My All-band Dipole

Last updated: September 12, 2011

Hurricane Irene takes down the all band dipole

The horizontal dipole came down when a large tree branch fell through the support ropes. Until I can get it back up, I'm using a vertical dipole for 30 - 10 meters, thoughfully installed the weekend before Hurricane Irene.
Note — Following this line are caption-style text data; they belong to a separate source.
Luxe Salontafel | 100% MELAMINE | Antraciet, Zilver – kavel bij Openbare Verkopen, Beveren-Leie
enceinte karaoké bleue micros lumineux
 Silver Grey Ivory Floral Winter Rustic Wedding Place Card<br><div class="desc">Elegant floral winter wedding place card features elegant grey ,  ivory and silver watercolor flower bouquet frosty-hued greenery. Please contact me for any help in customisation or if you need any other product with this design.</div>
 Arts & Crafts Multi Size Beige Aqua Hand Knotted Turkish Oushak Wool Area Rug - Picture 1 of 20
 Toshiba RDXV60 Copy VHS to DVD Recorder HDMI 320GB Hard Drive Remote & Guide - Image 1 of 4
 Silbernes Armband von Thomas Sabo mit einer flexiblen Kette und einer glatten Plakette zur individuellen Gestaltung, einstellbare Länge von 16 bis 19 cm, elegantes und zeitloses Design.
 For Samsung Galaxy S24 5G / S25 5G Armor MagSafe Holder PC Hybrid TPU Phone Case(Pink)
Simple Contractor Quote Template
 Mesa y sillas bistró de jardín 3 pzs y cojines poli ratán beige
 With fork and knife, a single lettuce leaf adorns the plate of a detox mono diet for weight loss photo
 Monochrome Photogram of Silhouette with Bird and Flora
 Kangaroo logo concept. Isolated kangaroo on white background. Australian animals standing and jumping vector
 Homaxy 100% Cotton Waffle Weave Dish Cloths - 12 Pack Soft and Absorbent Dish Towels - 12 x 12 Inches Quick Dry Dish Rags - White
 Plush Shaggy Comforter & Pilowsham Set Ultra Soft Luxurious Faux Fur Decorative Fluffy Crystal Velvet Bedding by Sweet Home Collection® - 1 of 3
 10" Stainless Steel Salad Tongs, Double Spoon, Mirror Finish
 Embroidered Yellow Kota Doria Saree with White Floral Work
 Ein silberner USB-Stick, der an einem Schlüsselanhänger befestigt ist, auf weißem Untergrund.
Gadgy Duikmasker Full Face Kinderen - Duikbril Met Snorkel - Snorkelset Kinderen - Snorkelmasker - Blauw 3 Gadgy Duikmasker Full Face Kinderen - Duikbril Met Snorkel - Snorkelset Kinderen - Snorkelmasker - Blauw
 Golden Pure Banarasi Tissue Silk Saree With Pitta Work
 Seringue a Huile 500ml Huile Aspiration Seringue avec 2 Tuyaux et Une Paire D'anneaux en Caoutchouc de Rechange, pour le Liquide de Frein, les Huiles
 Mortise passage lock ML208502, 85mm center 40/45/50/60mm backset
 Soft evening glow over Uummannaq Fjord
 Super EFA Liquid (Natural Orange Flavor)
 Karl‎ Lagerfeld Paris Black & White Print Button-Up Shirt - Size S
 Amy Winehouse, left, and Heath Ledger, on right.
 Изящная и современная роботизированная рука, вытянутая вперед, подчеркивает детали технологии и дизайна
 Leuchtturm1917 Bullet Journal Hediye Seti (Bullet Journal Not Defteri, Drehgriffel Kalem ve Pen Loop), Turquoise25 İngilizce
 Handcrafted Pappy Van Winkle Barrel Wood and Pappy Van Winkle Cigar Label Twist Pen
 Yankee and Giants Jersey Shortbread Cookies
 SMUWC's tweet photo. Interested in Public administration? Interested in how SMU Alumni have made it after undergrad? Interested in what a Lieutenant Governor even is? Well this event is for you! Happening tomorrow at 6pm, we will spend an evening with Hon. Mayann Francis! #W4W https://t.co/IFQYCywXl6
The vertical dipole receives equally poorly in all directions, but at low radiation angles.... patterns in the next figure....

The original dipole

NEC2 3-dimensional pattern for the KK1D Dipole on 17 meters.   Everything "warmer" than green is more gain than a single band dipole, everything blue is less gain than a single band dipole.

The main (and currently only) HF antenna at my location is a 140 foot (42 meter) dipole at a height of 10 meters fed with ladder line.   The antenna is oriented North-South to within an error of 5 degrees or so.   It works out pretty well, it has more gain than a dipole towards Europe and some other DX locations.

I found it handy to work up the antenna patterns in Arie Voors' 4nec2, then plot them "sandwiched" with an azimuthal equidistant chart centered on the QTH.   Gabriel Rivat's (F6DQM) AziWorld software is used to create the maps, and the GIMP is used to sandwich the NEC2 and Aziworld images.

The patterns on 160 and 80 meters are essentially omnidirectional and very high angle.

The principal antenna tuner is a LDG AT-100ProII autotuner, with a Dentron MT-3000A for backup.   At least at this QTH, the LDG does fine on all bands except 160m.   The Dentron does fine on all bands except 10m.